During the G7, Japan and Italy struck deals with Australia to promote technologies which will meet emission targets sooner, however Morrison has emphasised that no new commitments have been made to tackle climate change, and that Australia does not support “false deadlines for phasing out specific energy sources.” “Our goal is to get there as soon as possible, preferably by 2050, through technology that enables and transforms our industries, not taxes that eliminate them and the jobs and livelihoods they support, especially in our regions,” he said.

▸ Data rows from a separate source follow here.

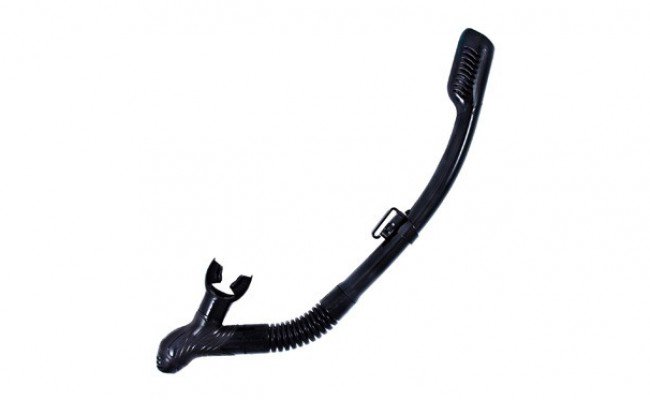 Tuba sec Kraken Aquatics Dry Snorkel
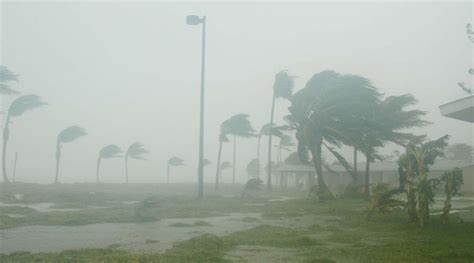 Saffir-Simpson Hurricane Wind Scale Explained: Wind Speed and ...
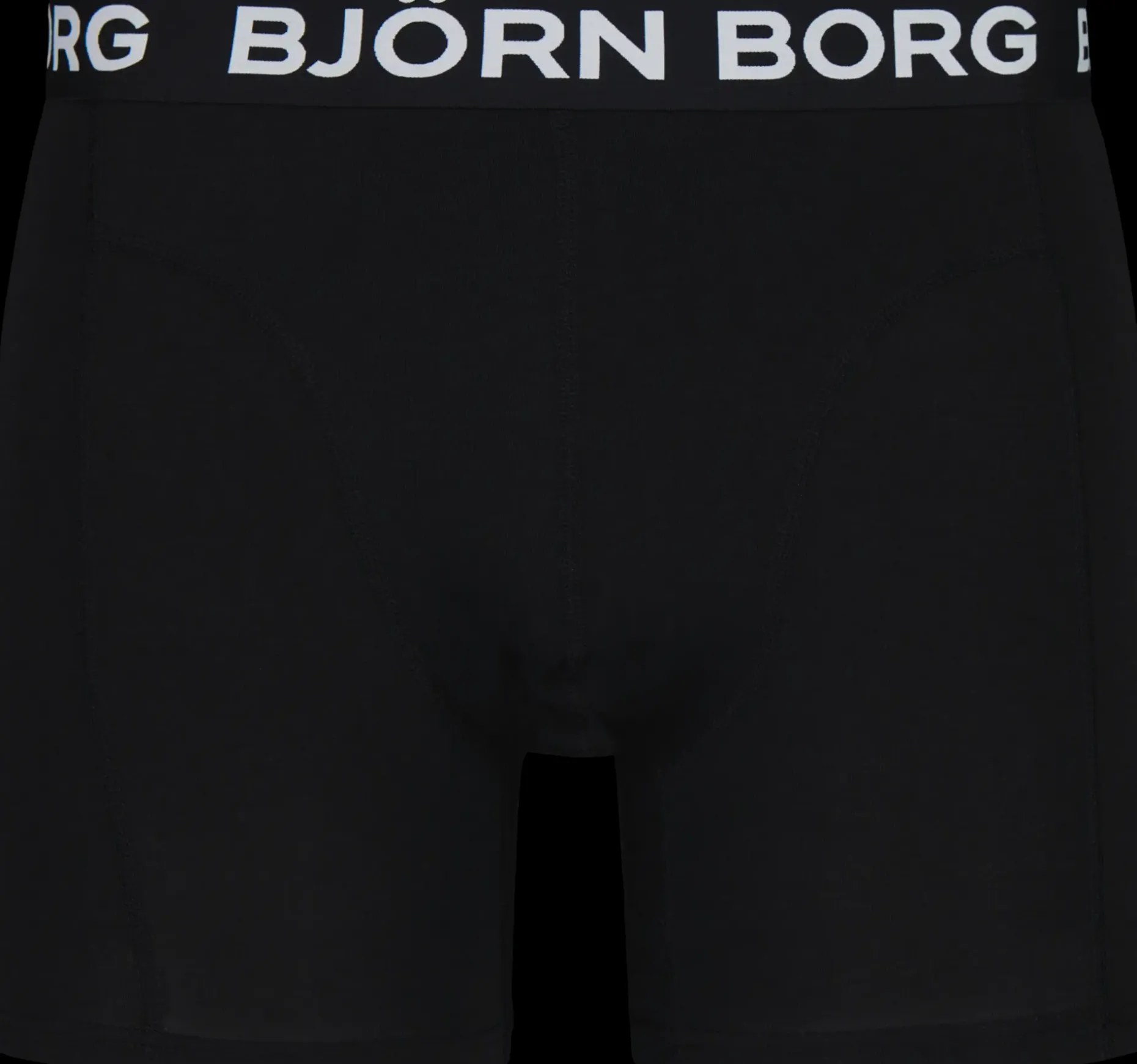 Björn Borg Bamboo Cotton 2-pack bokserit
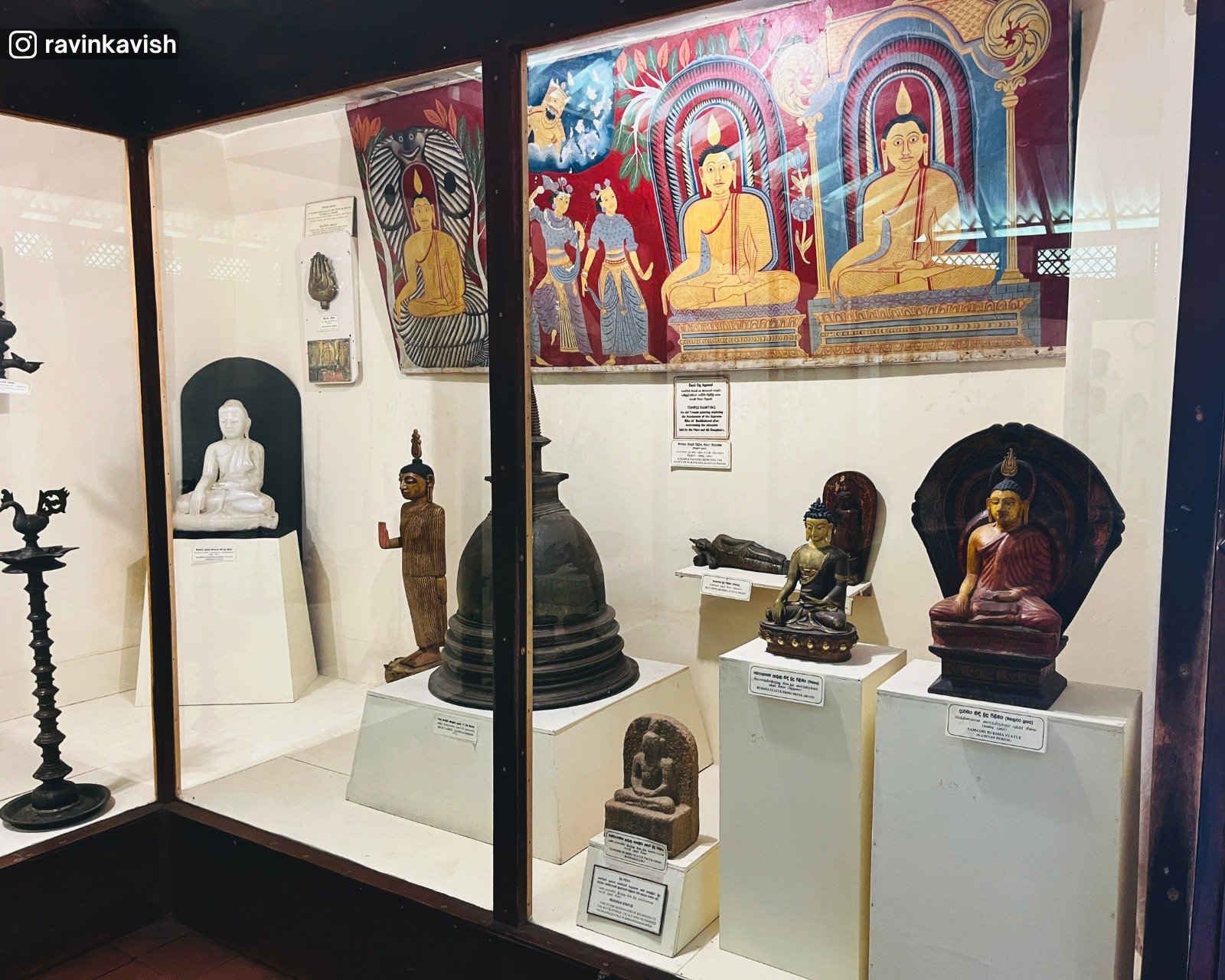 Museum of Folk & Culture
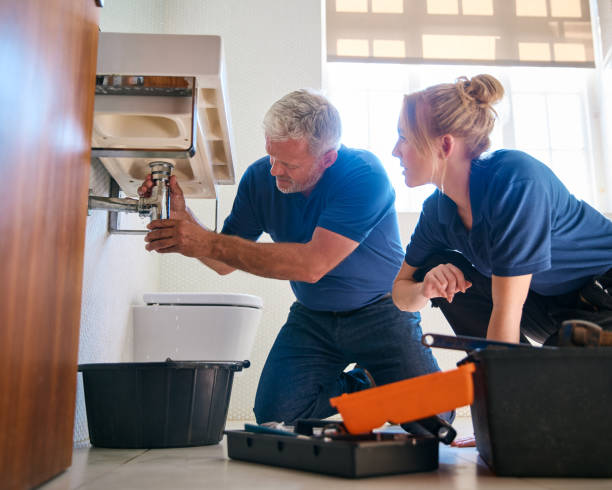 Best Water Softener Installation  in Afton, WY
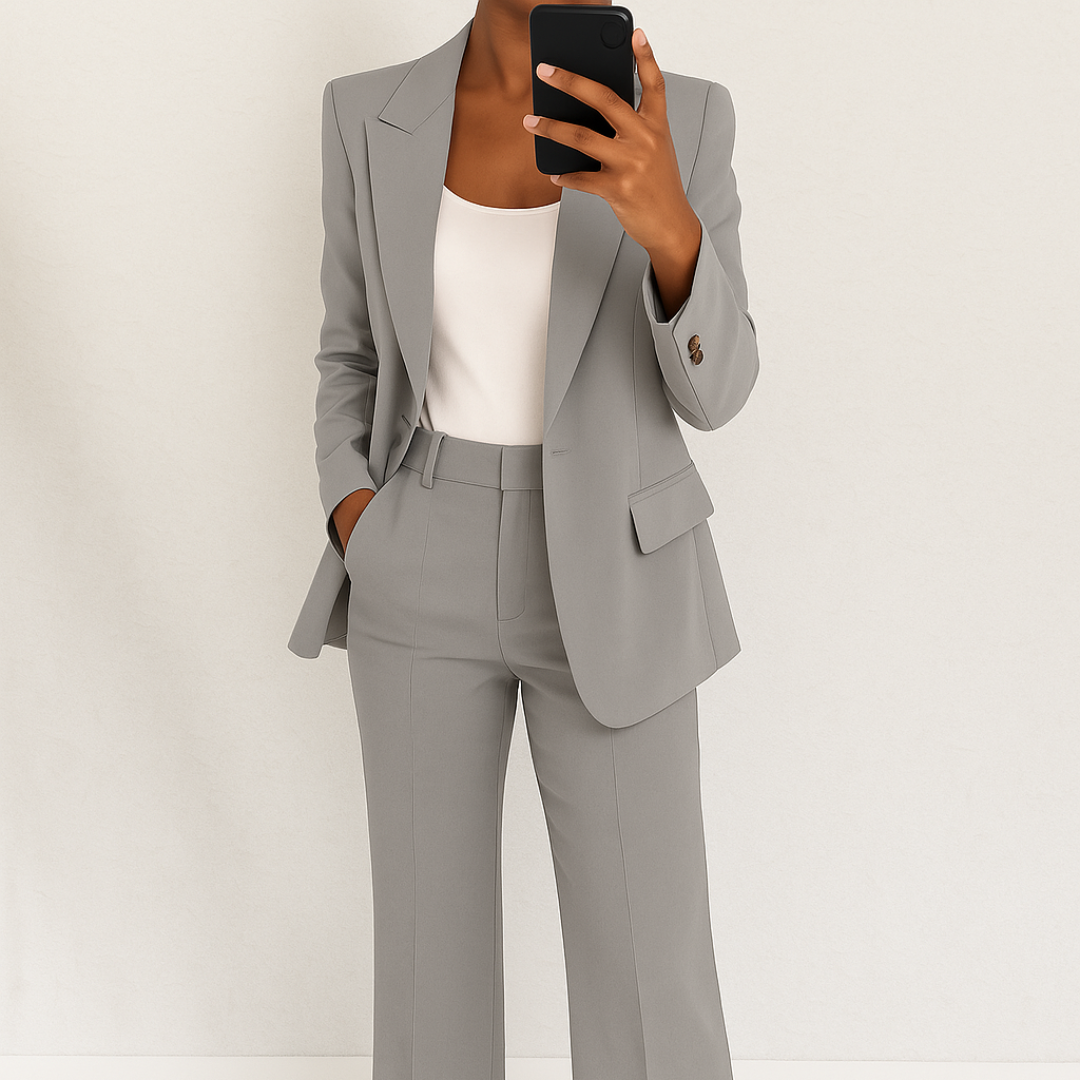 ENSEMBLE NOVA | PUISSANCE SILENCIEUSE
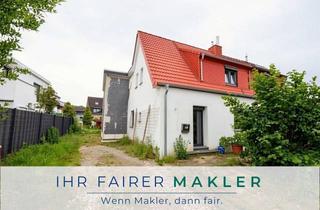Doppelhaushälfte kaufen in 28277 Kattenturm, ** Gebotsverfahren ** Doppelhaushälfte für Innenausbau in Bremen-Kattenturm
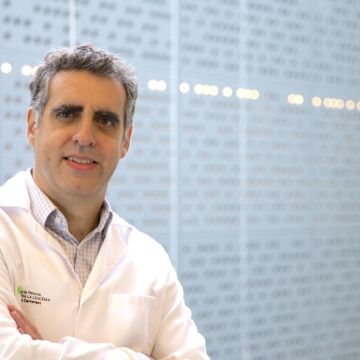 Manel Esteller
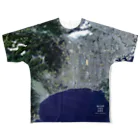 WEAR YOU AREの神奈川県 伊勢原市 All-Over Print T-Shirt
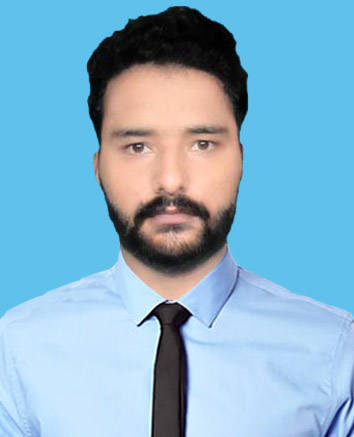 Muhammad Faheem Waris Profile Muhammad Faheem Waris Profile
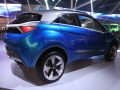 Tata Nexon Concept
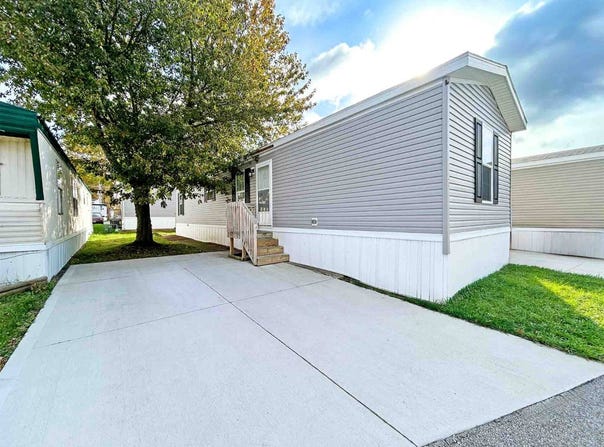 7055 Quarry Rd., Amherst, OH 44001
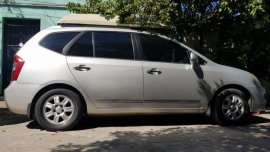 2008 Kia Carens for sale 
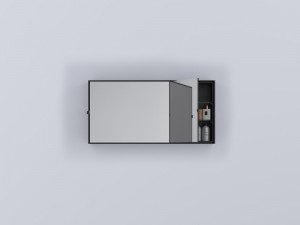 Cielo Arcadia specchio contenitore Simple Box SPSB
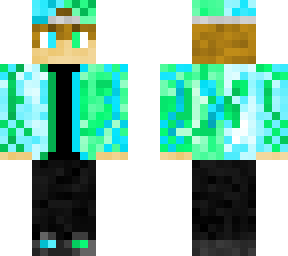 my own skin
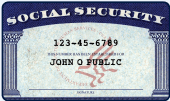 Social Security name change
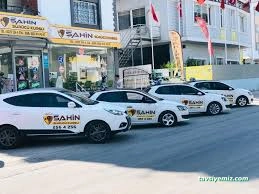 Adana Şahin Sürücü Kursu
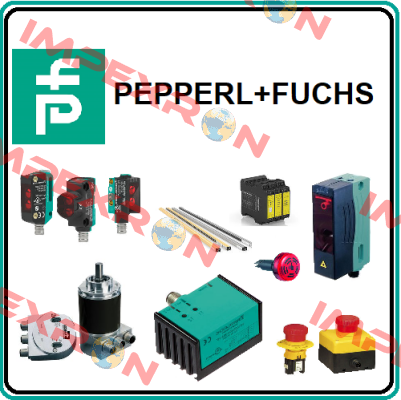 p/n: 103370, Type: KFA5-SR2-EX2.W Pepperl-Fuchs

Rumours about Morrison being denied one-on-one consultation with Biden at the G7 centred around Australia’s poor climate change targets. Labor Senator Penny Wong suggested it was due to Morrison’s refusal to embrace net zero emissions by 2050 and that it has left Australia isolated. Perhaps this carries some validity, however, the rhetoric emanates Australia’s desperation to be approved of and recognised by the US, rather than to be genuinely engaged in rational climate change action.
While climate protesters stormed the beaches of Cornwall in response to the G7 Summit, the actual purpose of maintaining US hegemony and containing China was overshadowed. The world is witnessing a geopolitical shift away from the US-lead imperial order, to one in which the US influence has waned, and in its wake, a multi-polar world is rising, creating conditions for improved livelihoods the world over.